“Camp is art that proposes itself seriously but cannot be taken altogether seriously because it is ‘too much’,” reads the oft-quoted 1964 Susan Sontag essay, Notes on “Camp”. Today, so much of what is intended to be “camp” lacks that necessary seriousness. But Paul Feig gets it. He’s quietly become one of our most reliable exponents of the art.
With the Blake Lively comedy-thriller A Simple Favor (2018), and this year’s sequel, the director’s revived the idea of “women’s pictures” – once the playground of Douglas Sirk and George Cukor – for the TikTok era. With The Housemaid, he takes one of these online sensations, Freida McFadden’s 2022 bestseller, and carefully teases out its profoundly silly twist. Victims of violence and misogyny are here treated with dignity, yet it still feels, as Sontag would describe, “extravagant” enough in its execution to be moreish. The Housemaid isn’t a particularly great film. But it is camp.
Rebecca Sonnenshine’s script is a fairly close translation of the novel, with a little Hollywood flair tacked onto the end. Millie Calloway (Sydney Sweeney) drives up to a Long Island estate, decorated in what would be a wellness influencer’s idea of eclectic, and interviews for the role of live-in housemaid to Nina Winchester (Amanda Seyfried), her tech CEO husband Andrew (Brandon Sklenar), and their sullen ballerina daughter, Cecelia (Indiana Elle).
Nina offers pleasant small talk over tea and a charcuterie board, before Millie slinks off to sleep in her car overnight. She’s not told her would-be employer the whole truth. But when Nina offers her the job, and shows her around her new quarters, the fact the door locks from the outside and is covered in scratches suggests Nina isn’t entirely being truthful either. “What kind of monsters are we?” she retorts, with a little too much bounce in her laugh.
Cue the emotional abuse. Millie wanders downstairs in the morning to find Nina tearing at drawers and launching groceries across the kitchen counter, convinced her new employee has thrown out her handwritten PTA speech; Mille receives terse instruction to pick up Cecelia from ballet class, only to arrive and be told she’s staying at a friend’s overnight. Men skulk at the sidelines: Enzo (Michele Morrone), the groundskeeper, appears suddenly in windows and doorways, while Andrew offers half-lidded, sympathetic looks that Millie inevitably finds herself attracted to.

McFadden’s logic feels paper thin, so Feig instead deftly pulls our attention away from the details and towards the larger theme of hypocrisy around women’s mental health. Nina’s friends are all too eager to disclose her trauma like it’s an amuse-bouche bit of gossip.
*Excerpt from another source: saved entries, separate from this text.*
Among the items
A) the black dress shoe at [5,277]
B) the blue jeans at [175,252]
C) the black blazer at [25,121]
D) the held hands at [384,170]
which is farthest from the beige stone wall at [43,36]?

It’d be too generous to frame The Housemaid as actively Hitchcockian, but it does feel as if it’s been made by someone who at least has Rebecca (1940) and Vertigo (1958) rattling around in the back of their head.
A thunderstorm provides a bit of pathetic fallacy, while the way cinematographer John Schwartzman uses moonlight to halo the blonde tresses of its female leads feels a step above the usual flat, made-for-streaming look we’d expect from this brand of adaptation.
Sweeney’s trademark disaffection, for the most part, works for a character who’s constantly on the offensive. But Seyfried’s the real secret weapon here. She’s quite brilliant, shifting so imperceptibly between mean girl, bunny boiler, and sympathetic sufferer that we’re constantly kept on our toes when it comes to whether she’s playing up to the cinematic trope of the mad woman or turning it on its head. And that’s camp.
Dir: Paul Feig. Starring: Sydney Sweeney, Amanda Seyfried, Brandon Sklenar, Michele Morrone, Elizabeth Perkins. Cert 15, 131 minutes.